Victorian renter was forced to shit in a bucket after a contractor removed her toilet, a shocking investigation into the state’s social housing system has revealed.

Jasmine, a woman in her 60s, said she had to use “a bucket in the backyard” for several days after a contractor removed her toilet and left her without a temporary replacement.

She was also forced to wait 18 months for the government to fix her dilapidated bathroom, which included tiles falling off the walls, mould that smelt like it was “rotting”, and multiple leaks that made the room slippery and dangerous.

The bathroom wasn’t her first complaint either. Just months earlier, Jasmine was trapped in her house for two days after a door handle broke off and a contractor was sent to the wrong address.

She said the experience was “traumatising”, with the worst part being made to “feel like we’re whingeing” about the conditions. She added that many people in social housing were scared of complaining, as they were worried they’d “get in trouble and have to move out”.

Jasmine was trapped for two days after a door handle fell off and a contractor didn’t show up. Image: Getty.

Jasmine’s story is just one of many such cases the Victorian Ombudsman has investigated as part of its report into the state of social housing.

Speaking on the incidents, Victorian Ombudsman Deborah Glass said the social housing system was “complicated, confusing and under-resourced” and was putting renter’s “health and safety were at risk”. She said that although some progress had being made over the past few years, there was a “clear lack of action” from the state government.

“The systemic issues are not going away,” she said.

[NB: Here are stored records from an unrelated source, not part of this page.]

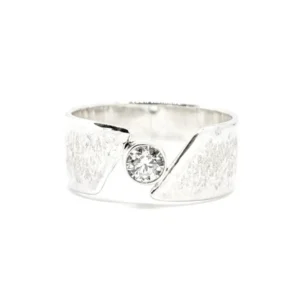 Bague large Oxyde de Zirconium rond en Argent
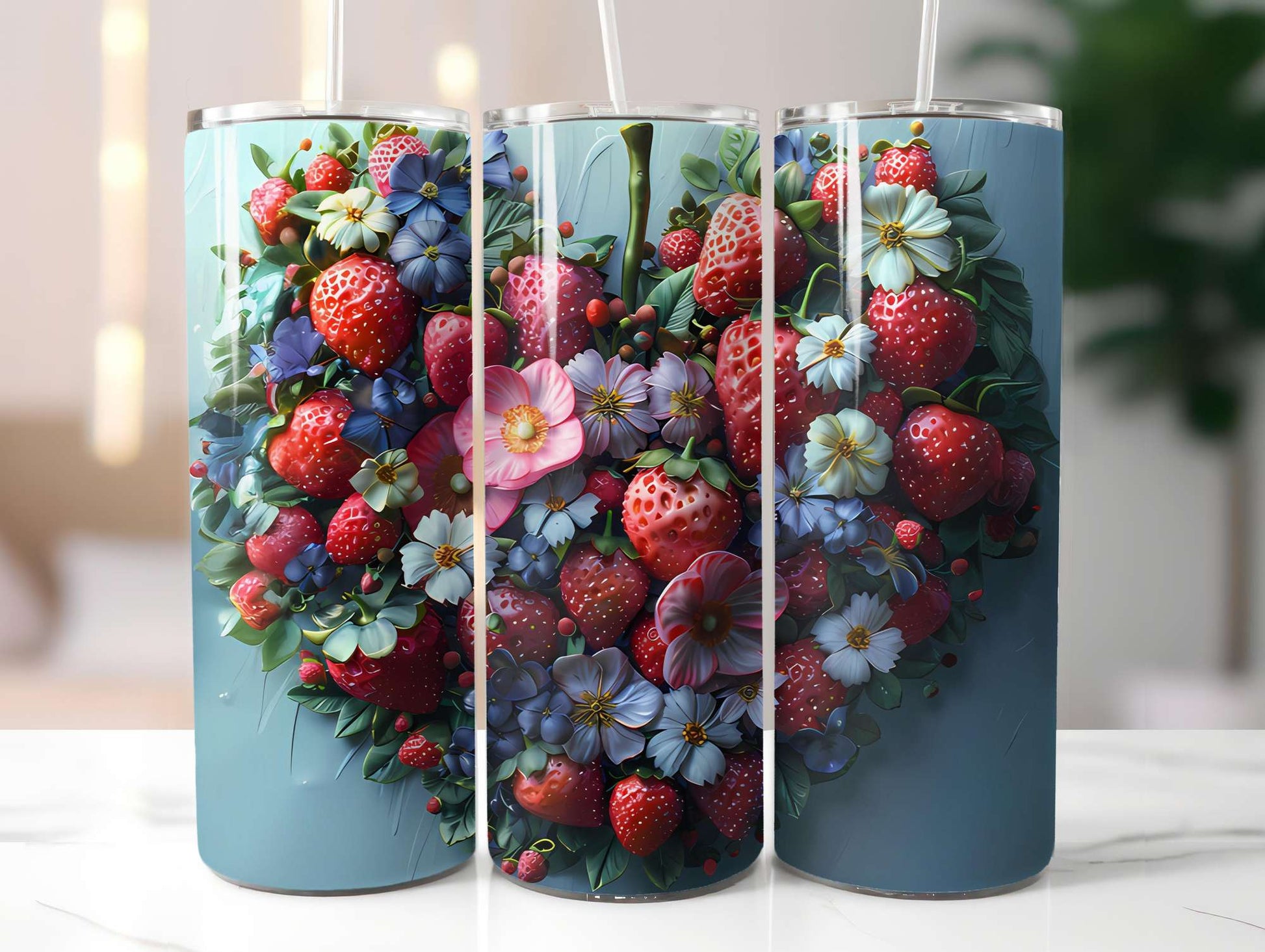 Strawberry 3 Tumbler Wrap - CraftNest - Digital Crafting and Art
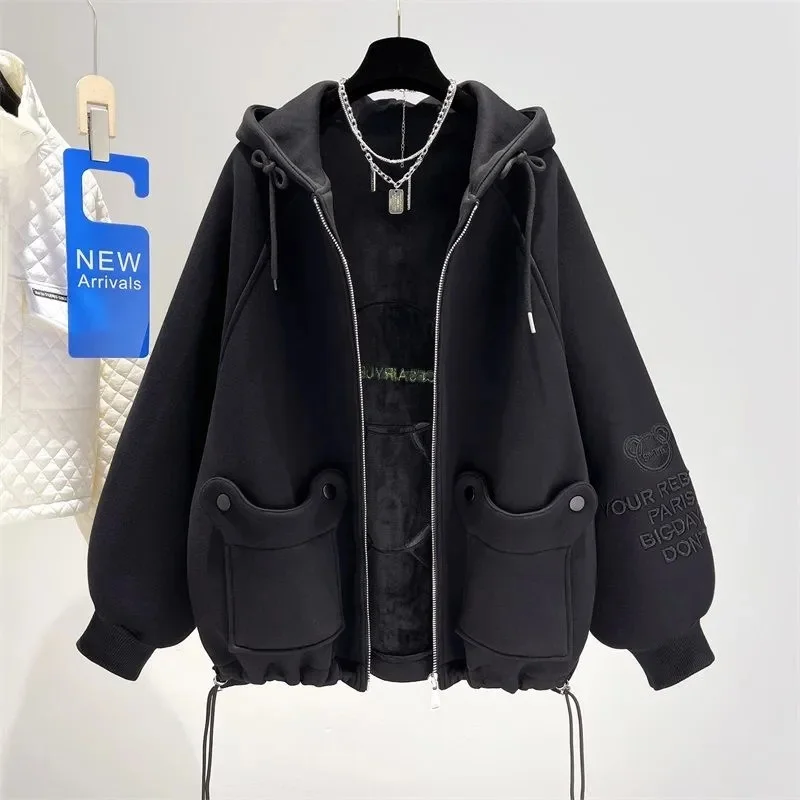 Women's 300 Catties Black Hooded Sweater Women Fleece Thickened 2022 New Wild Fat mm Autumn and Winter Trendy Ins Jacket Commute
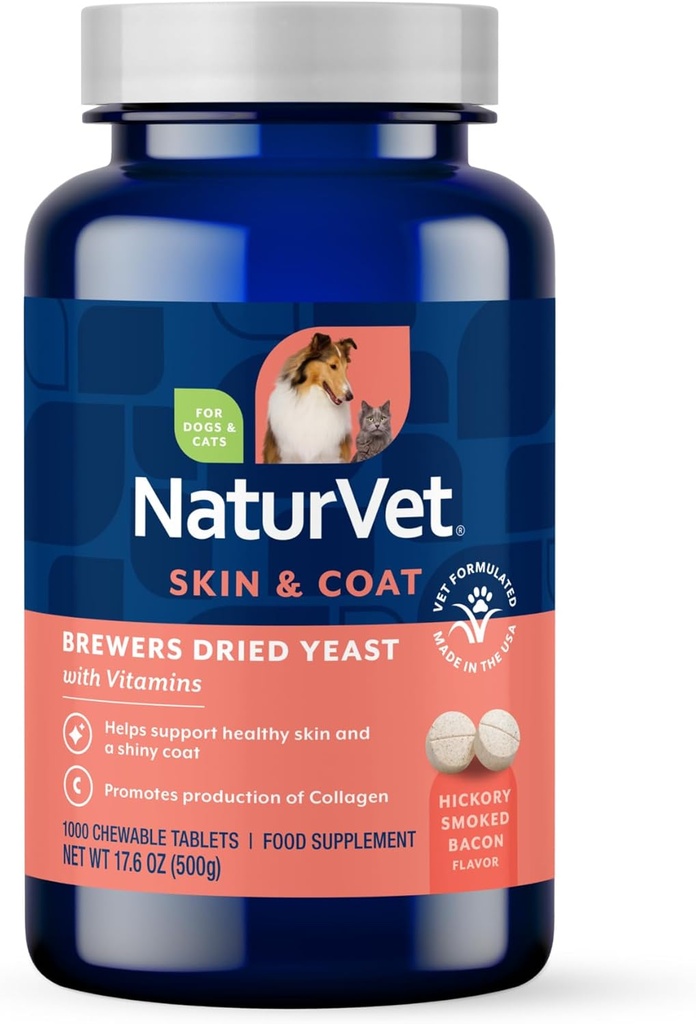 NaturVet Brewers Yeast Formula with The Flavoring Plus Vitamins for Dogs and Cats, Chewable Tablets, Made in the USA with Globally Source Materialss 1000 Count Count Count Count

“Change is now even more critical, as Victorians grapple with dual housing and cost-of-living crises, increasing homelessness and an evolving social housing landscape, including the looming redevelopment of public housing towers.”

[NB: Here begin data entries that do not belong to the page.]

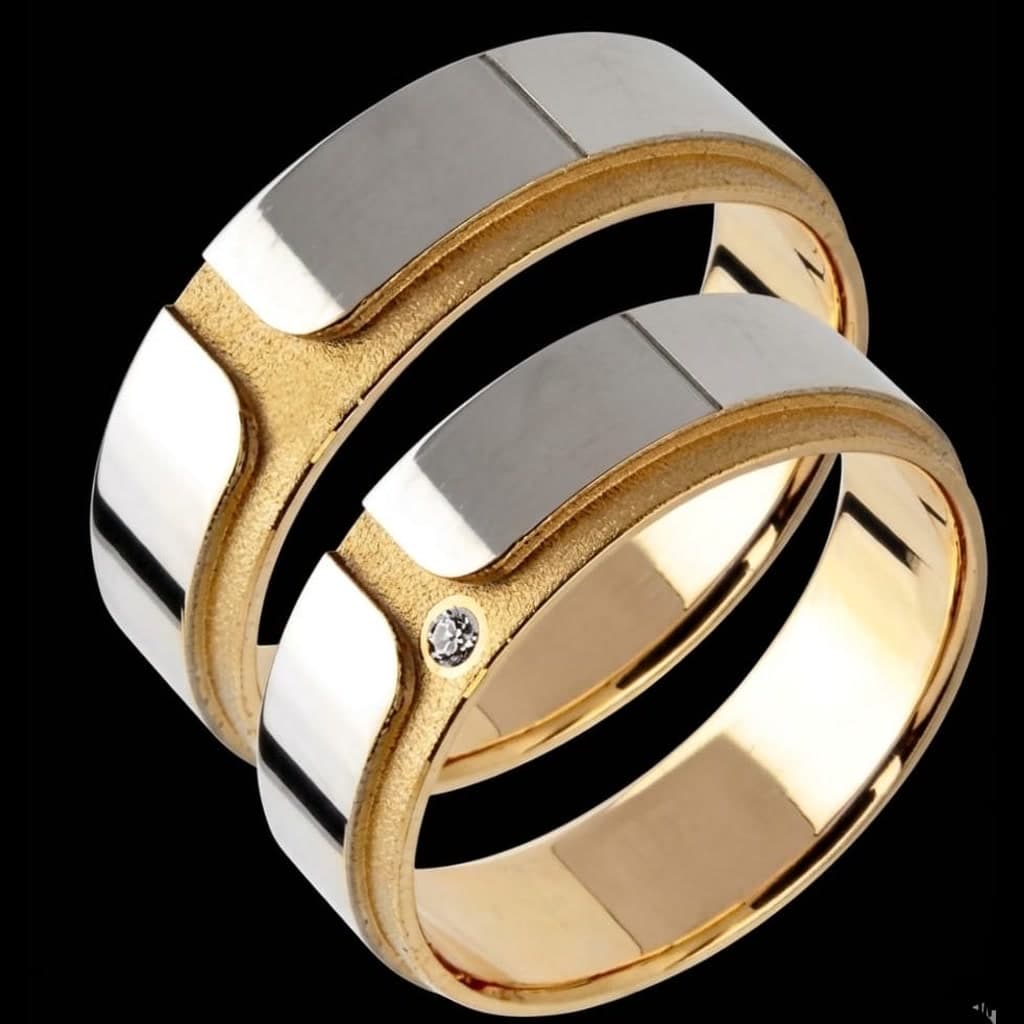Two-Tone Wedding Bands — Diamantte Pune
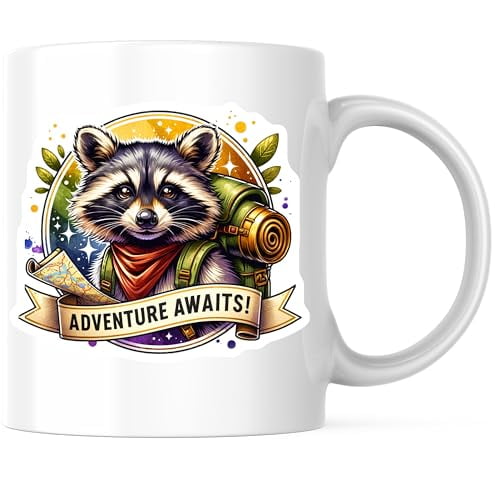 Bliss Monkey Co. Adventure Awaits Coffee Mug - Cute Raccoon Camping Adventure Design - 11 Ounce Ceramic Camping Mug - Premium Ceramic - Design Printed On Both Sides - BMCM04533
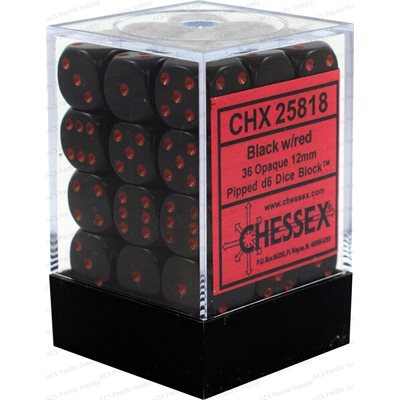 Chessex: 36D6 12MM Dice - Opaque Black/Red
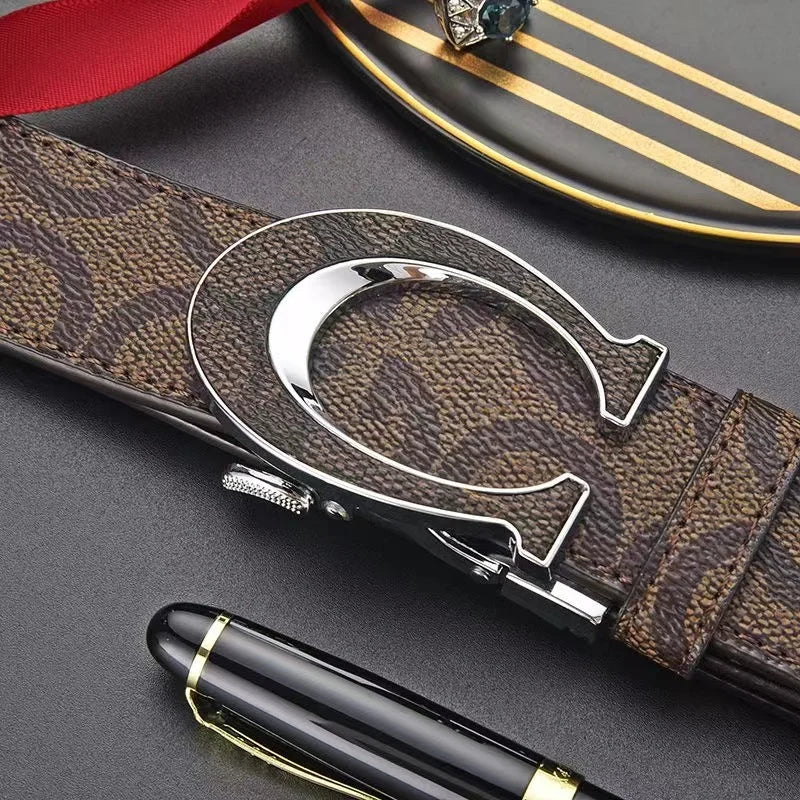 New Genuine Leather Casual Fashion Men Belts Cowhide Alloy Automatic Buckle Luxury Brand Men Belt Versatile Trendy Blets for Men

Glass said the problem was only getting worse, with complaints about social housing rising a staggering 83 per cent over the past two years.

“All too often we receive complaints about basic needs such as running water and electricity, and reasonably maintained, clean and safe premises,” she said.

“Regularly and repeatedly renters in public housing reported a broken complaint system. They spoke of experiencing delays, and sometimes they reached the point where they felt their health and safety were at risk.

“This has been a longstanding problem that requires urgent reform.”

Despite this, the Victorian Housing Register has acknowledged the report and says it is “currently considering improvements to its complaints process” and “remains focused on good complaint handling through early and local responses”.

All that renters actually want is a comfortable, clean home, preferably with functioning plumbing. Is that really too much to ask?